Work item> Look through the listing below for the line with "A Colombian soldier" and the line with "kitchen featuring open". Copy both, along with every line between them, exactly and with no pictures.

The input>
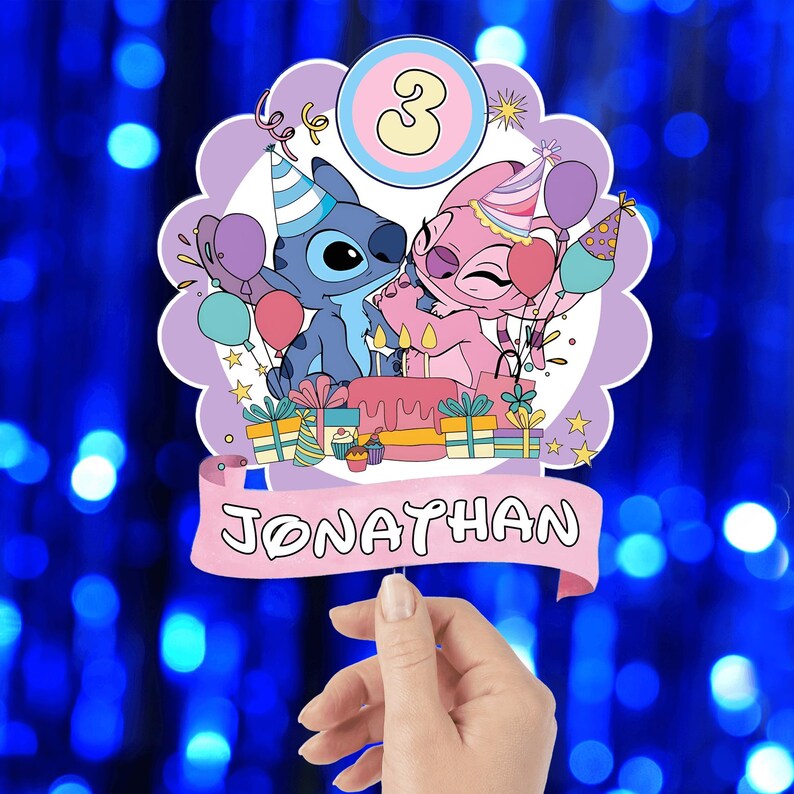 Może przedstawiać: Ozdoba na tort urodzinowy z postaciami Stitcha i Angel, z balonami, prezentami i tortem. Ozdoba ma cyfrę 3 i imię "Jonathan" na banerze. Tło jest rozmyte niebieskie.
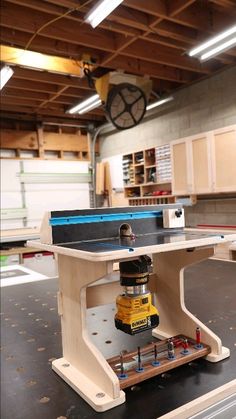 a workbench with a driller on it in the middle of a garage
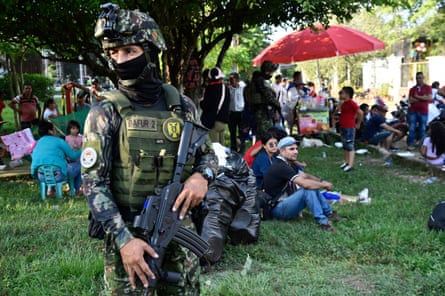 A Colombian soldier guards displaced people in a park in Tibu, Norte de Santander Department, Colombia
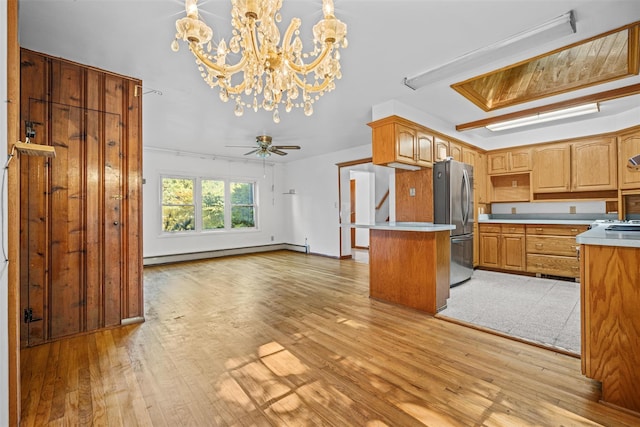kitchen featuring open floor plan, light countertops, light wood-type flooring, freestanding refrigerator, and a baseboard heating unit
...
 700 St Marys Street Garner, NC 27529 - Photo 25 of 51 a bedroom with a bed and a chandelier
---
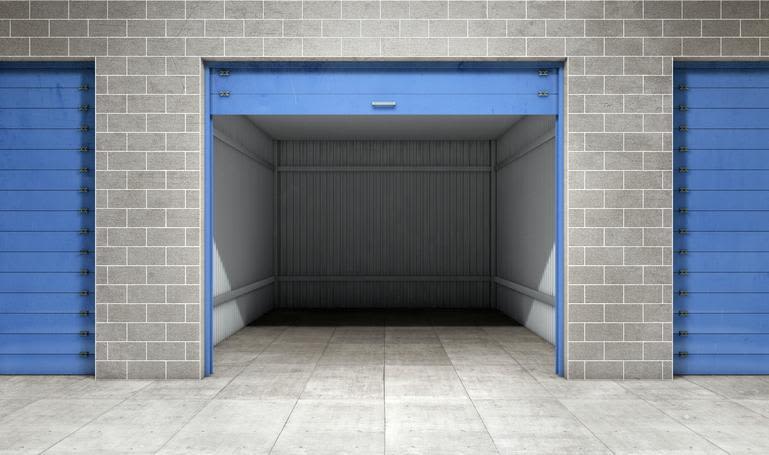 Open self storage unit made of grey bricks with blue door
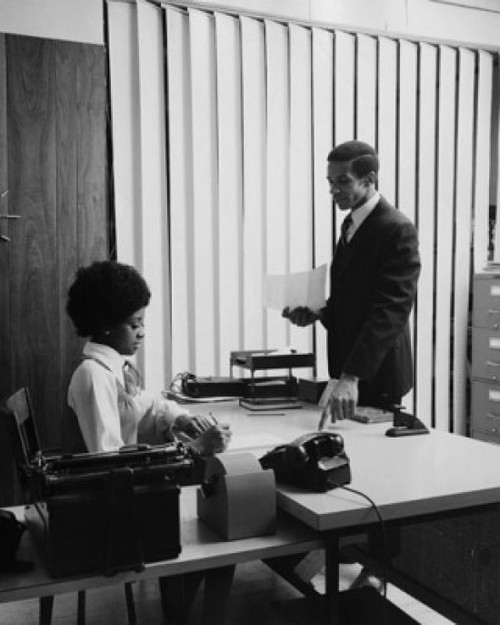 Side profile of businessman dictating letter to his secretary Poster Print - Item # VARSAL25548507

Solution for this problem>
 A Colombian soldier guards displaced people in a park in Tibu, Norte de Santander Department, Colombia
kitchen featuring open floor plan, light countertops, light wood-type flooring, freestanding refrigerator, and a baseboard heating unit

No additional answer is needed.